** Collected data follows **
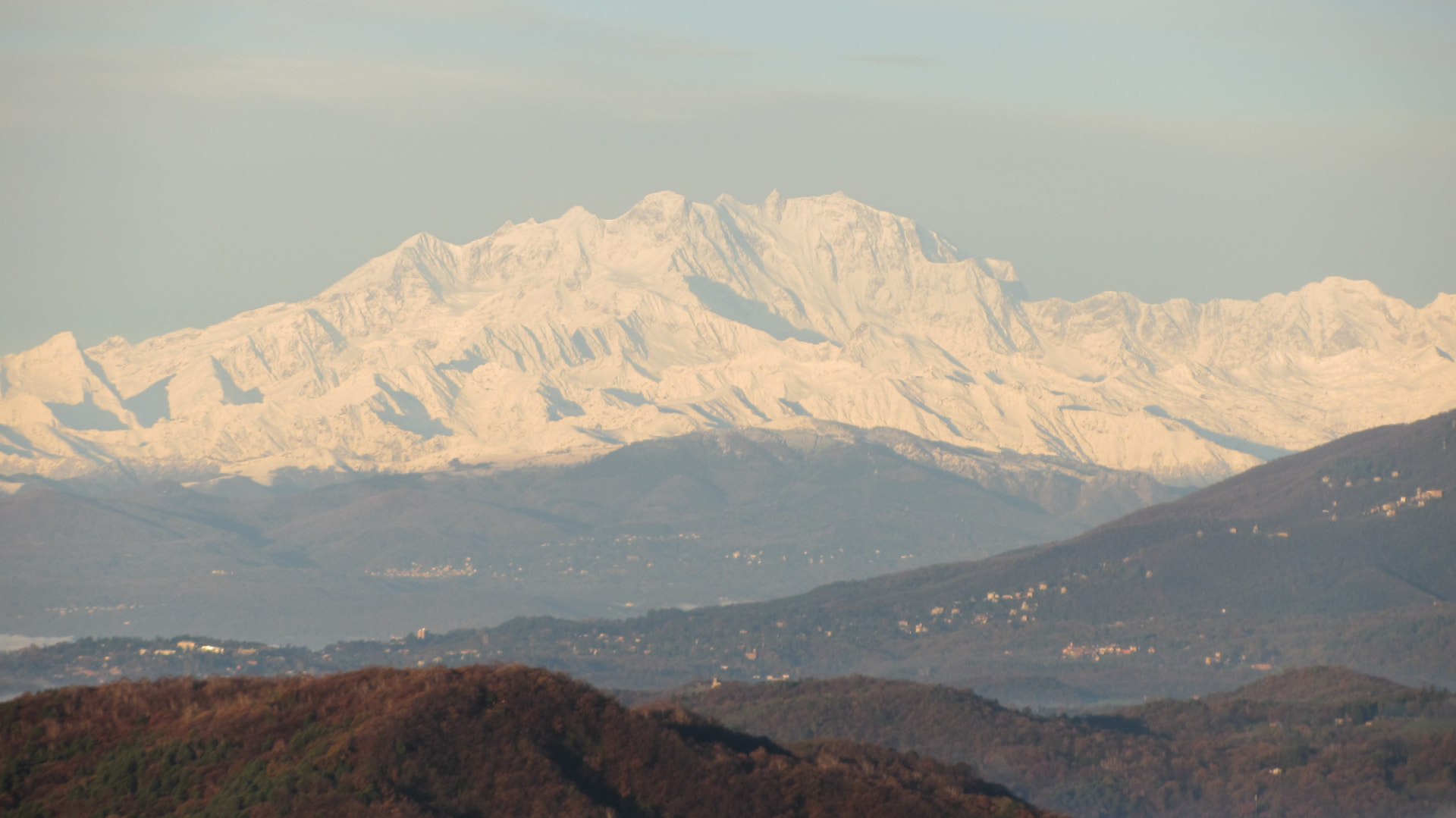 Il Monte Rosa innevato visto da Brunate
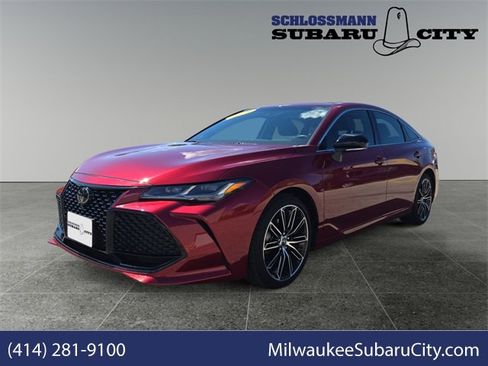 Used 2019 Toyota Avalon Touring image 1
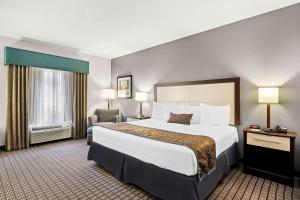 Postel nebo postele na pokoji v ubytování Best Western Plus - Magee Inn & Suites
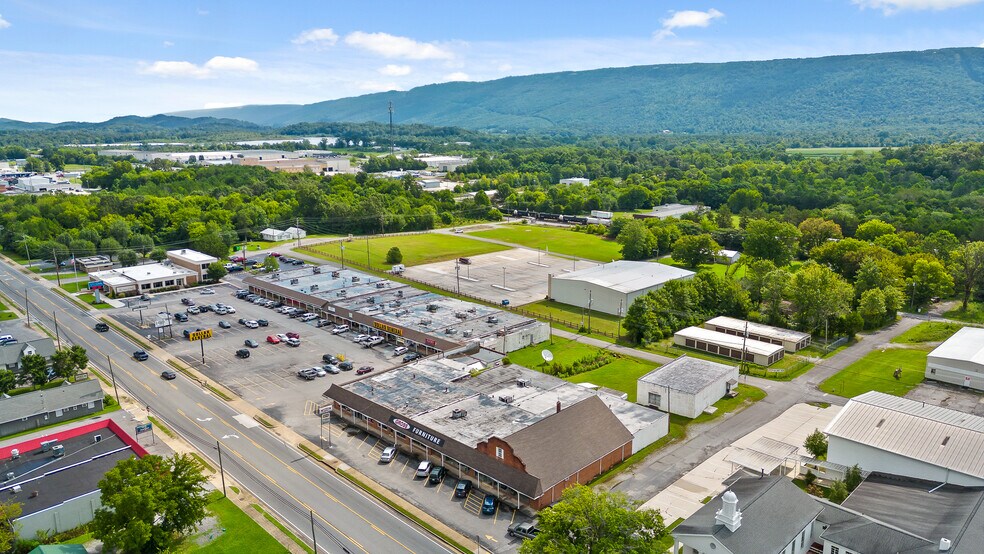 More Photos Of 152 N Main St, Trenton General Retail For Sale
** End of Collected data **
Task prompt -
From the line containing "Postel nebo postele" through the last line of the listing, inclusive, transcribe every line exactly and nothing else; the pictures stay out.

Expected answer -
 Postel nebo postele na pokoji v ubytování Best Western Plus - Magee Inn & Suites
 More Photos Of 152 N Main St, Trenton General Retail For Sale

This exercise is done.